Emotions definitions
The examination of these studies highlights some key issues and limitations in how emotions have been conceptualized and defined within requirements engineering research. It was noticed that many of the papers lack clear, rigorous definitions regarding the central construct of emotion. Most studies did not provide explicit definitions, and those that did offer some characterization that describe emotions in broad, imprecise terms such as subjective experiences or internal states.
The reviewed studies reveal several key conceptual perspectives on emotions in requirements engineering and human–computer interaction research. The valence dimension provides a useful starting point for differentiating between positive and negative emotions to understand their potential impact on users’ experiences and reactions. However, this binary categorization has limitations in capturing the complexity of emotional states.
Incorporating arousal as an additional dimension aids in characterizing emotions based on intensity as well as valence (Alkhomsan, Baslyman & Alshayeb, 2022). However, some critics argue that discrete categories cannot fully represent the fluid, dynamic nature of emotions. Appraisal theories address this by defining emotions as context-dependent intuitive reactions shaped by subjective evaluations of events, agents, or objects (Roseman & Smith, 2001; Sherkat et al., 2018; Callele, Neufeld & Schneider, 2009a; Callele, Neufeld & Schneider, 2008c; Callele, Neufeld & Schneider, 2006; Callele, Neufeld & Schneider, 2008a; Callele, Neufeld & Schneider, 2009b; Callele, Neufeld & Schneider, 2008b). This aligns with psychological constructionist views.
The theory of constructed emotion further proposes that emotions emerge from the neurocognitive processing of goals, prior experiences, and situational factors (Taveter et al., 2019; Taveter & Iqbal, 2021; Taveter & Iqbal, 2021). Rather than fixed internal states, emotions are constructed transiently based on the interaction between the individual and their environment. This dynamical systems perspective resonates with trends in psychology emphasizing contextualized, embodied cognition. Linking emotions to Norman’s reflective level of design also highlights their close ties to sociocultural meanings, values, and purposes (Miller et al., 2015). The paper argues that explicitly incorporating this level in requirements engineering can better capture emotional goals. Differentiating personal versus context-specific emotions further underscores the need for a multi-perspective approach.

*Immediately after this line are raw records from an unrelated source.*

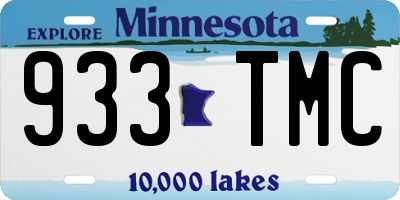 MN license plate 933TMC
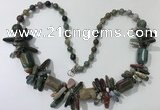 CGN307 27.5 inches chinese crystal & Indian agate beaded necklaces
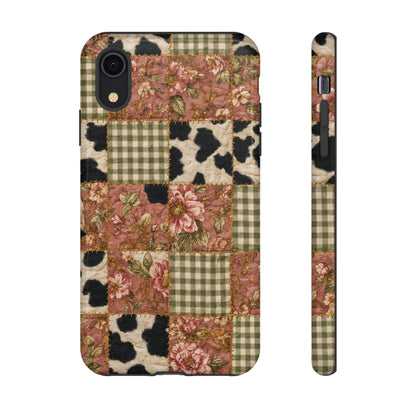 Cowhide Floral Quilt Tough Case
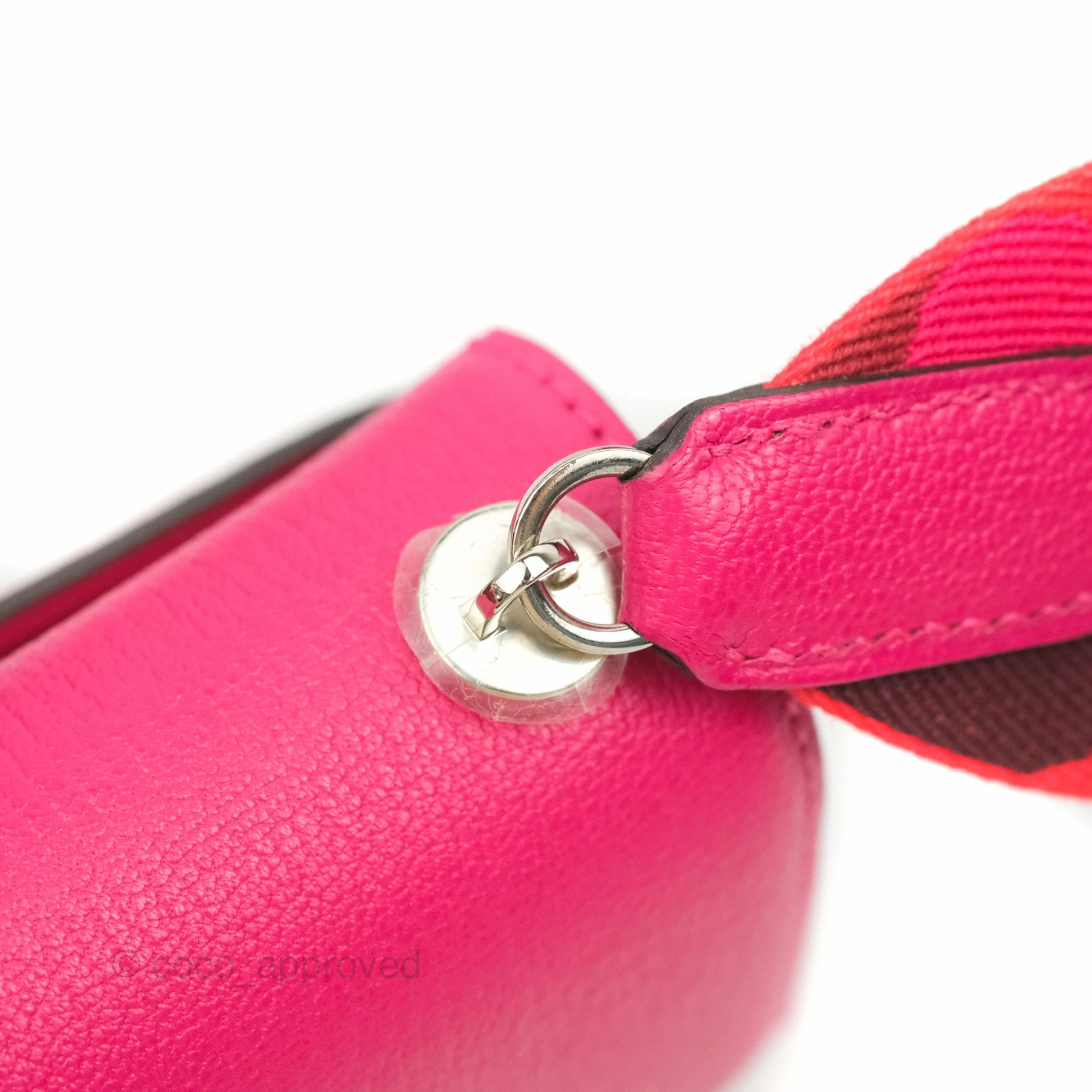 Hermes Verrou Mini Strap Rose Mex Chevre Mysore Flipperball Strap Palladium Hardware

The reviewed studies show an evolution in how emotions are conceptualized, moving away from static, decontextualized models towards more dynamic, constructivist perspectives aligned with modern affective science. This reflects a shift from viewing emotions as fixed internal states to seeing them as complex experiences constructed through processing goals, contexts, and prior interactions. Synthesizing diverse conceptual lenses provides a more detailed and multi-layered foundation for engaging with emotions in technology design and requirements engineering. Further interdisciplinary integration can enhance approaches to capturing emotional factors that shape human-technology relationships. Overall, the field displays progress in developing more holistic, human-centered understandings of the role of emotions.
Emotional requirements elicitation techniques
There was a wide variety of elicitation techniques for emotional requirements, with hybrid approaches being the most common (21 studies, 50% of the total). This suggests combining methods may help capture emotional requirements from multiple angles, rather than assuming any single technique is fully comprehensive. For example, the mix of direct techniques like interviews with indirect ones like biometric sensing provides flexibility to elicit emotions that may be difficult for users to express directly (Stade et al., 2019). In addition, Interviews, along with prototyping, help reveal emotions experienced during realistic user interactions rather than just self-reported emotions (Alkhomsan, Baslyman & Alshayeb, 2022). Interviews and surveys were most common but require demonstrating reliability, rather than assuming inherent efficacy. Given the complexity of emotions, comprehensive validation of any elicitation technique is infeasible. However, researchers should seek evidence for reliability and appropriateness through replicating studies across contexts. Machine learning techniques were rarely used with a count of three studies. ML has strong potential for emotion analysis but has yet to be widely explored for requirements elicitation. ML techniques can detect emotional cues and sentiments from textual data like requirements documents. Also, it can analyze large volumes of requirements data efficiently for emotions. More research is needed to demonstrate its capabilities in this area. For example, apply natural language processing to better detect emotions in text and study which ML methods are most effective for emotion extraction from requirements.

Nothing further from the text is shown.